— Raw data —
※
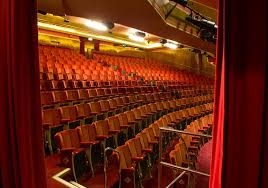 Uk London Adelphi Theatre Theatrecrafts Com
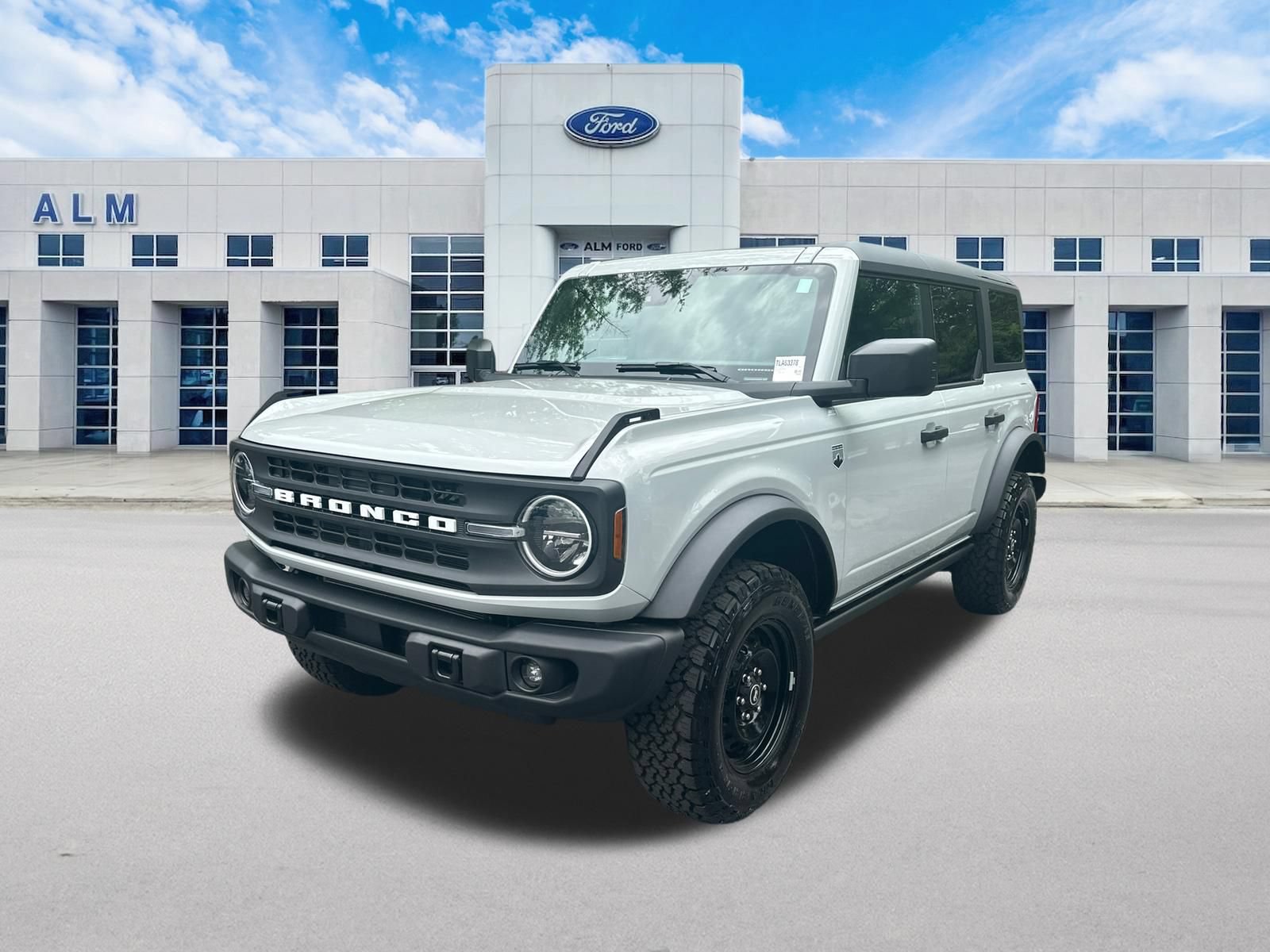 New 2026 Ford Bronco Big Bend w/ Black Diamond Package AWD/4WD image 1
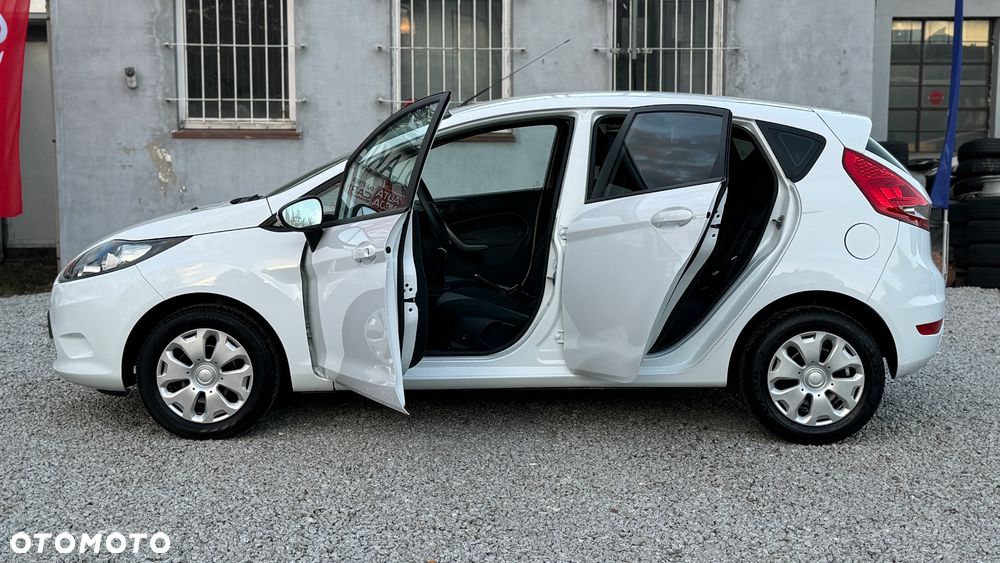 Ford Fiesta 1.4 Trend - 17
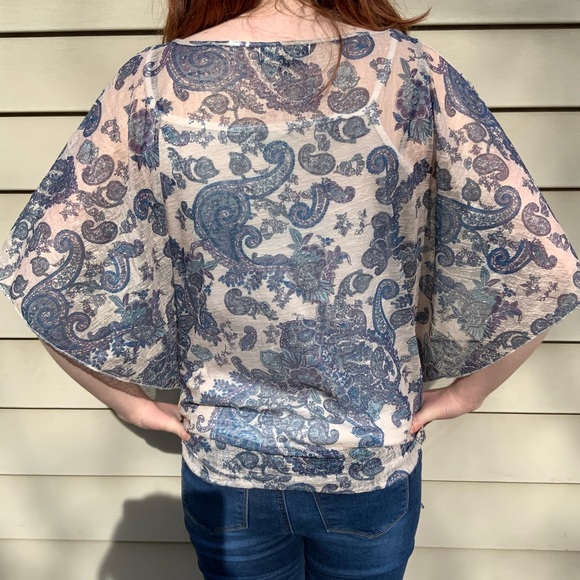 Papillon Blouse & Cami Set - Picture 3 of 8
※
— What to produce —
The expected output is an exact retyping of the lines from the line with "New 2026 Ford" through the last line of the data, with both ends kept and the pictures dropped.

— Reply —
 New 2026 Ford Bronco Big Bend w/ Black Diamond Package AWD/4WD image 1
 Ford Fiesta 1.4 Trend - 17
 Papillon Blouse & Cami Set - Picture 3 of 8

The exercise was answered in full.